In a particular example, the electrically conductive particulate or the electrically conductive fiber may be added to the polymer during an encapsulation process of the TEC 300. The encapsulation process may include mixing the electrically conductive fiber or the electrically conductive particulate with the polymer or other suitable material. Then, the mixture may be applied to a metal sheath of the TEC 204 via an extrusion process, injection molding, or another suitable technique. The mixture may then undergo a cooling and curing process through which the mixture can solidify and form a durable bond with the metal sheath.
At block 402, the process 400 involves electrically coupling a TEC 140 between a power source 104 associated with a wellbore 122 and at least one piece of electrical equipment 138 used downhole within the wellbore 122 during a wellbore operation performed with respect to the wellbore 122. The wellbore operation can be a deployment operation in which the electrical equipment 138 is being deployed into the wellbore 122. The power source 104 can be at a surface of the wellbore 122 and may include a generator, connection to an electrical grid, or another suitable power source.
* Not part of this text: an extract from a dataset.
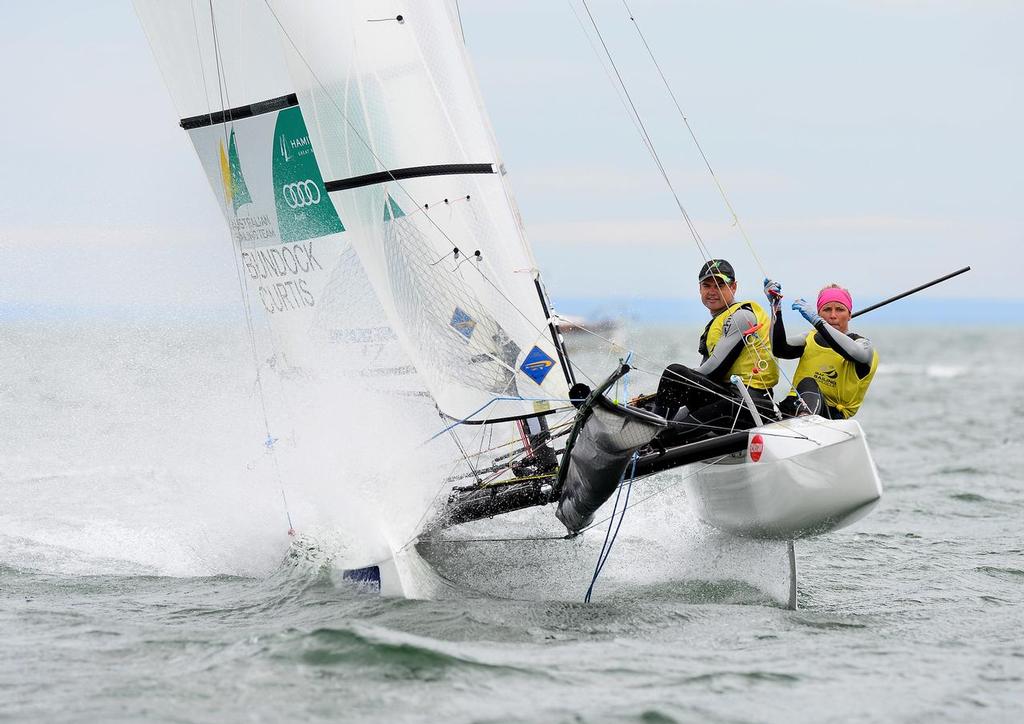 Darren Bundock and Nina Curtis (AUS) win the Nacra 17 at the ISAF Sailing World Cup Melbourne © Jeff Crow/Sail Melbourne http://www.sportlibrary.com.au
The electrical equipment 138 can include sensors, valves, pumps, or other suitable electrically operated downhole equipment used for wellbore operations.
At block 404, the process 400 involves supplying power to the at least one piece of electrical equipment 138 during the wellbore operation via the tubing encapsulated conductor 140. Current can be transmitted from the power source 104 to the electrical equipment 138 via at least one interior wire of the tubing encapsulated conductor 140. The current can further return to the power source 104 via a tubing, such as a production tubing string 118, positioned downhole in the wellbore.
For the current to return via the tubing, the tubing can be electrically coupled to a metal sheath of the TEC 140 via a conductive encapsulation layer of the TEC 140. For example, the TEC 140 can be in contact with the tubing at one or more locations. In some examples, the TEC 140 can be held against the tubing at the one or more locations by one or more cross coupling clamps or another suitable coupling mechanism. The current can be transmitted from the electrical equipment 138 to the metal sheath of the TEC 140. Then, at the locations where the TEC 140 is in contact with the tubing, the current can be transmitted to the tubing due to the conductivity of the conductive encapsulation layer. In this way, the tubing can act as a ground for the TEC 140 during the deployment operation.
In some aspects, systems, methods, or tubing encapsulated conductors for supplying power to downhole equipment are provided according to one or more of the following examples:
The foregoing description of certain examples, including illustrated examples, has been presented only for the purpose of illustration and description and is not intended to be exhaustive or to limit the disclosure to the precise forms disclosed. Numerous modifications, adaptations, and uses thereof will be apparent to those skilled in the art without departing from the scope of the disclosure.